[Data extract]

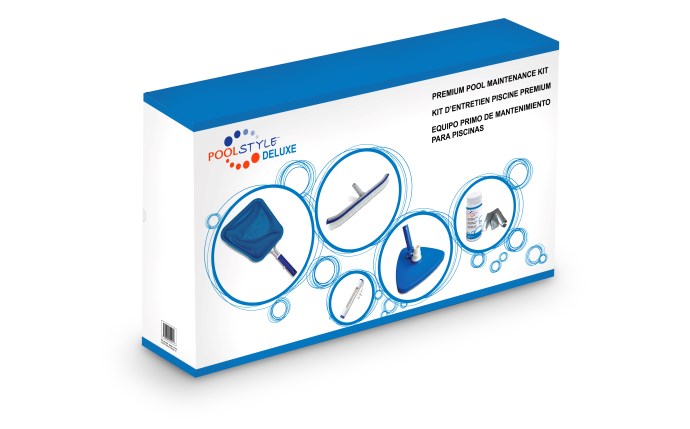 Poolstyle Maintenance Kit,  5pcs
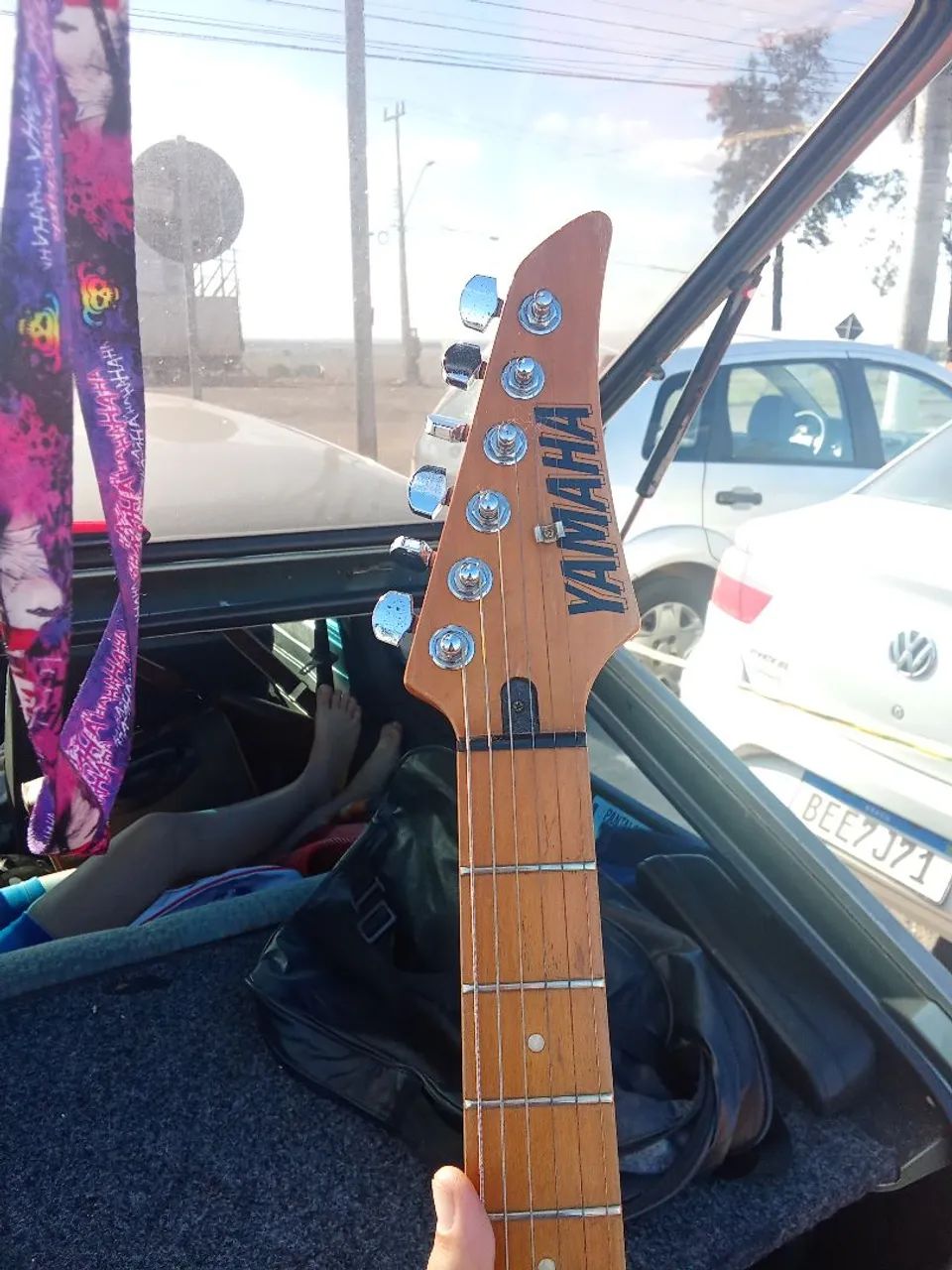 GUITARRA YAMAHA RGX 421 - Instrumentos musicais - Jardim Alvorada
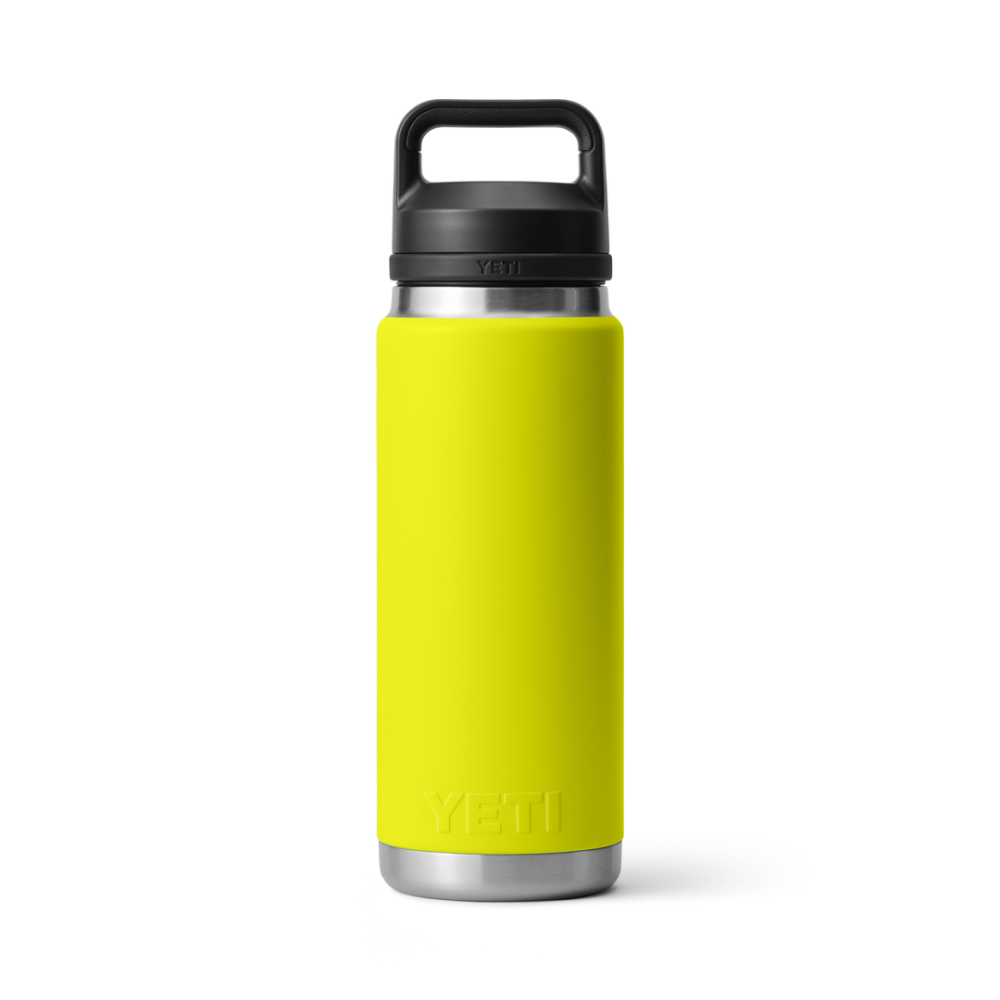 YETI Rambler 26 Oz Bottle Chug Firefly Yellow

[/Data extract]

## Work order
Output the data exactly, pictures omitted.

## Problem solution
 Poolstyle Maintenance Kit,  5pcs
 GUITARRA YAMAHA RGX 421 - Instrumentos musicais - Jardim Alvorada
 YETI Rambler 26 Oz Bottle Chug Firefly Yellow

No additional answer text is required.